The purpose of knowing math “facts” is to be able to use those facts in an agile way when you are doing other calculations. For example, if you have to calculate 4368 by 235, the old-fashioned laborious pencil-and-paper way, knowing math facts like 3 x 8 and such makes accomplishing the task so much easier. When I was a kid, I did endless calculations by hand, because there WERE NO CALCULATORS to use. For example, I had a “league” that I created of fictitious players of a game I got out of a Pop-Tarts box (as I recall, you used a deck of cards to “bowl” by turning over cards and finding out the result of each roll of the ball). I hand-calculated averages, which involved a LOT of old-style division, and trust me, you want to know your times tables quite thoroughly doing that!!

To give a more “normal” example: when teaching Algebra, as discussed upthread, we have to try and teach the factoring of trinomials (quadratics). One of the most consistent barriers students run into in doing this is that they don’t know their math facts. So if they see a quadratic like x^2 + x - 56, they are dead on arrival because they don’t know that 56 = 7 x 8. God help them if the quadratic has a != 1 . :frowning:

So you see, math facts aren’t just something we use for the purpose of doing worksheets in elementary school. They actually have a purpose. They make you more numerant literate. And they also help you be more aware of what answers SHOULD look like, alerting you to probable wrong answers. Thus, if you are looking at 8138 ÷ 92, a person who knows their math facts would realize the answer MUST be around 90. You’d be surprised how often modern students have no clue whether or not the answer that pops up on the calculator app is correct. :frowning:

Honest-to-God true story: When I took Geometry in HS we had a substitute teacher, who was the head of the Math (singular, dammit!) department. He was so used to teaching Calculus (no “the”) that he couldn’t make hears or tails out of our text. Which he had written.

Having learned as little Math as I had, I was at a disadvantage when folks started calling me an engineer. I needed to figure out the area described by an irregular curve, so I redrew it 20x larger, divided it into many rectangular slices and treated the leftover bits at the top as simple triangles. Calculus woulda helped, but I didn’t even know that was why Newton invented it.

I was about to make pretty much this exact reply to Indistinguishable, until I saw that you had already done so. Factoring polynomials is an excellent example of the kind of thing that is much easier to a student who has a good grasp on basic multiplication facts than to one who doesn’t.

Indistinguishable also seemed to be addressing the issue of not just whether but how to commit such facts to memory, and to be favoring the “use the facts until you automatically have them memorized” approach over the “sit down and deliberately memorize them” approach. I love it when things sink into my memory just as a result of using them, and I’m all for that approach when it works. But is it going to work sufficiently well for every student in every circumstance?

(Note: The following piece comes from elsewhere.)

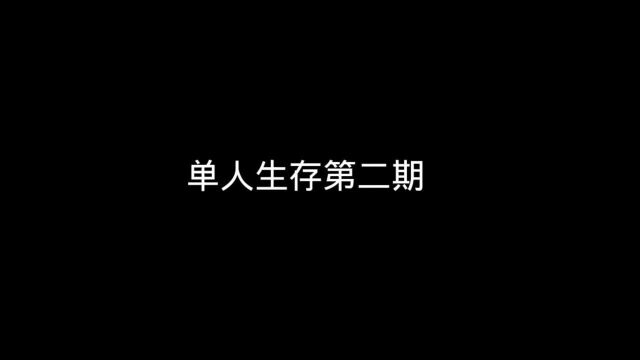 单人生存第二期(地图种子:27880684)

Everything I said is taking as a given that we live in a day and age of electronic calculators. It’s true, I would take a different attitude in the past. My position is that this thinking is needlessly stuck in the past.

As I said,

and I will also note that no one will ever be without a readily available calculator again without bigger problems like “How do I get off this desert island?”.

Why is it that we are perfectly well accepting of students getting by using calculators for SOME functions (square roots, sines, whatever), while still developing a sense of what does and doesn’t make conceptual sense, yet find it very very important that they not be allowed to use calculators for OTHER decimal arithmetic calculations (multiplications, whatever), or to do them out by meaningful hand instead of meaningless memory (multiplying 3 by 7 as 7 + 7 + 7 if need be, as they would with exponentiation 7^3)? It’s all arbitrary. It’s just historical inertia.